Thursday, May 12, 2022

Did Fifth Circuit Put Texas In Charge of The Internet?

The internet is, as most people know, everywhere, which makes it something of a problem for those who either want to regulate it or signal to their supporters that they would, if they could. But they can’t, obviously, because it’s the friggin’ internet, right? Well, the European Union did, to some extent, and Congress holds hearings about it all the time as both sides want to control it, albeit for different reasons.

Then along comes Texas, because it’s Texas, with a cockamamie bill that everyone who has any clue about law and cyberspace knows with absolute certainty can’t be upheld because it’s a flagrant affront to the First Amendment. How bad? This bad.

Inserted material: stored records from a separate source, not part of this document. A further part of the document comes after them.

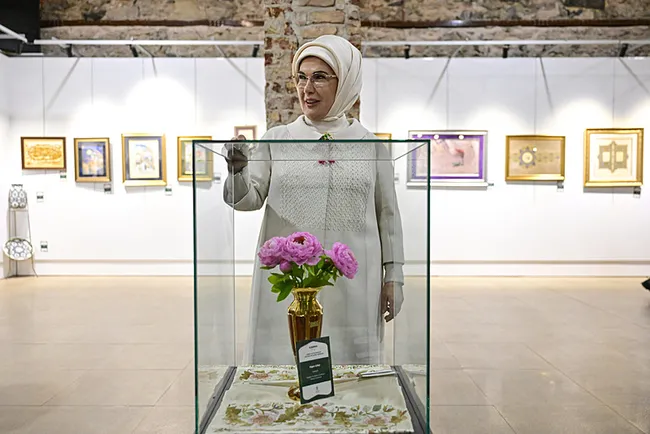 emine-erdogan-her-sanatci-aslinda-eserleriyle-kendi-medeniyetini-de-insa-ede-1732370342192.jpeg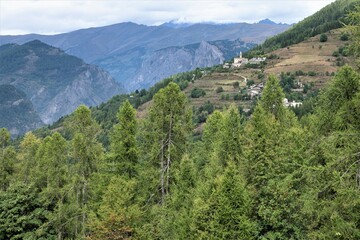 Hoch über dem Talboden des Vallone del Marmora im Piemont liegt das Kleine Bergdorf  Reinero mit seinen schön restaurierten  alten Steinhäusern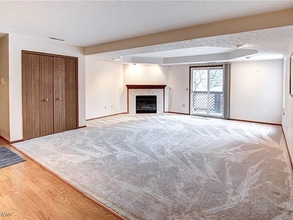 8621 Scenicview Dr in Broadview Heights, OH - Building Photo - Building Photo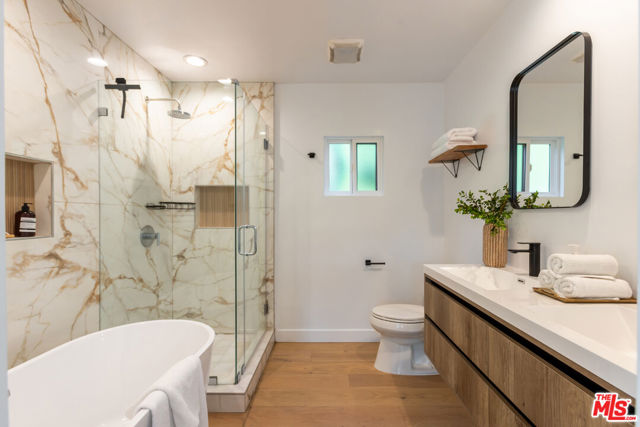 3840 Lyceum Avenue, Los Angeles CA: https://media.crmls.org/mediaz/15b707b2-be8f-42a2-b13b-89bc447b988f.jpg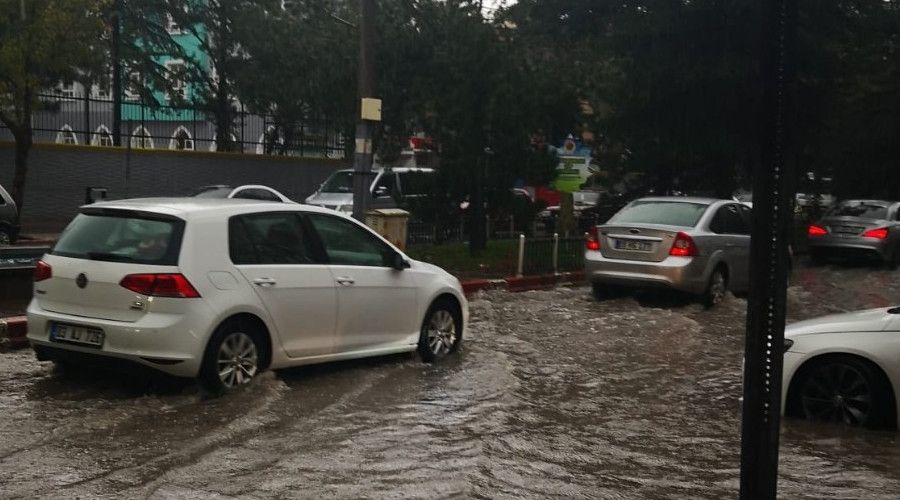 15 dakika sren ya sokaklar gle evirdi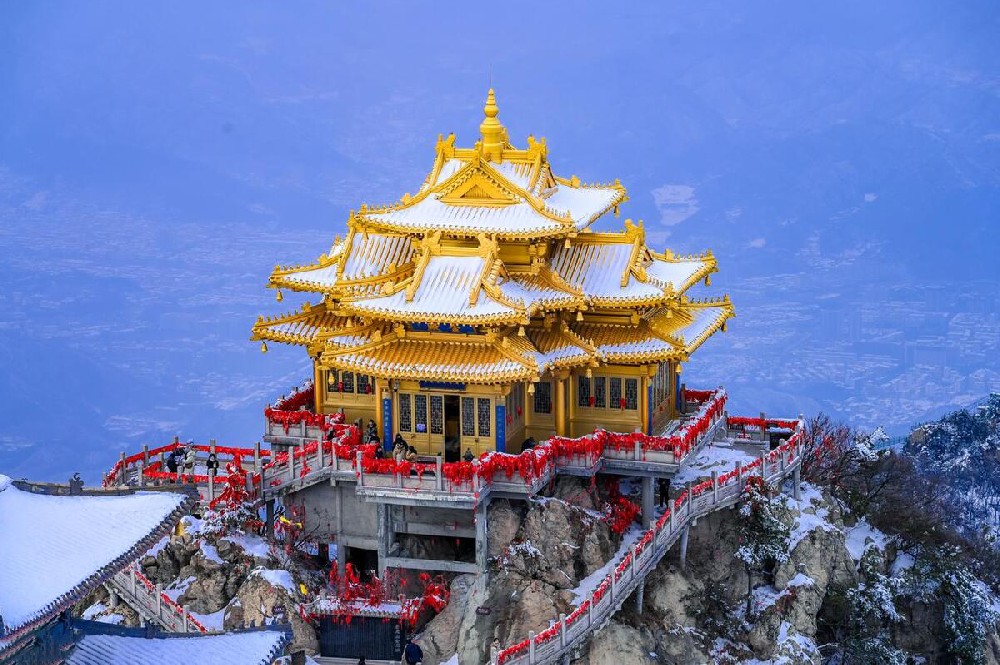 河南 3 天 2 晚旅游西人文山水攻略｜2025 免费接机 + 白马寺 + 老君山 + 龙门石窟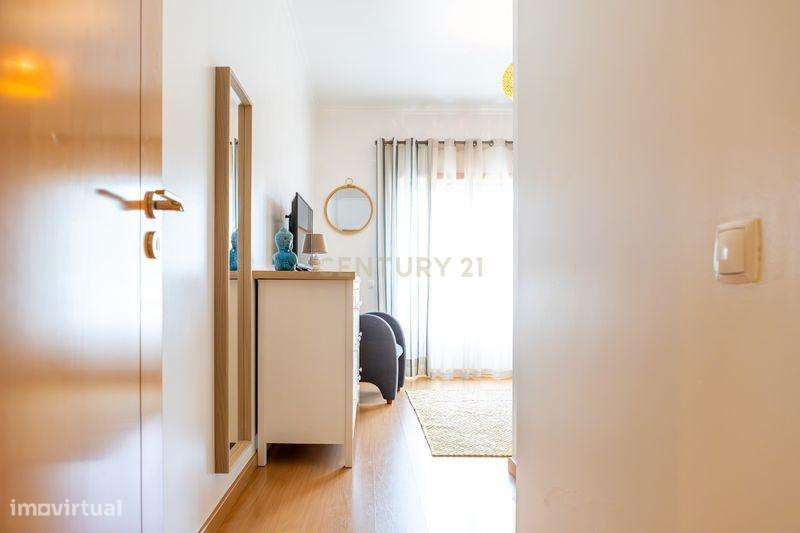 Apartamento T2 com elevador, lugar de estacionamento e arrecadação na-11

Sec. 143A.002. CENSORSHIP PROHIBITED.

(a) A social media platform may not censor a user, a user’s expression, or a user’s ability to receive the expression of another person based on:

(1) the viewpoint of the user or another person;
(2) the viewpoint represented in the user’s expression or another person’s expression; or
(3) a user’s geographic location in this state or any part of this state.

This is not a question of whether you wishcast the companies that own the websites you use and enjoy on the internet internet to be public property rather than private, but whether the Republic of Texas gets to make it so, for its own citizens at least because the internet works that way.

The enactment of this law was easy. After all, it would show Texans how fair and just their state government was, seeking to save them from the censorship of their beloved politicians and pundits by the hated Big Tech. And the reason it was so easy was because they know, with as much certainty as an elected official can muster, that this law would never, but never, be upheld in court.

Sure, there were likely some dopes who had no clue how constitutional law worked who believed this law was good, but there’s no requirement that elected officials be knowledgeable or be familiar with reality.

And when the district judge did what he would obviously be required to do, enjoin this law that was an obvious violation of the First Amendment, not to mention just plain dumb in that it demonstrated no grasp of how the internet worked or what businesses on the internet did (is Twitter an ISP because the law says so?)

Yesterday, the obvious came crashing down. Following oral argument on the appeal of the district court’s injunction, the Fifth Circuit issued this order.

What this means is that the law that nobody could possibly believe would ever take effect is going to take effect. What this suggests is that, by staying the injunction after oral argument, the non-unanimous panel will uphold this law, and vacate the injunction.

This is nuts. But in the Fifth Circuit, at least for now, this is the law.

And this is the law as of the moment that order was released, even though it would be impossible for internet companies to comply with the procedural requirements of the law even if they wanted to. What this means for the internet in Texas is anybody’s guess at the moment. If compliance is impossible, do they “turn off” the internet to Texas?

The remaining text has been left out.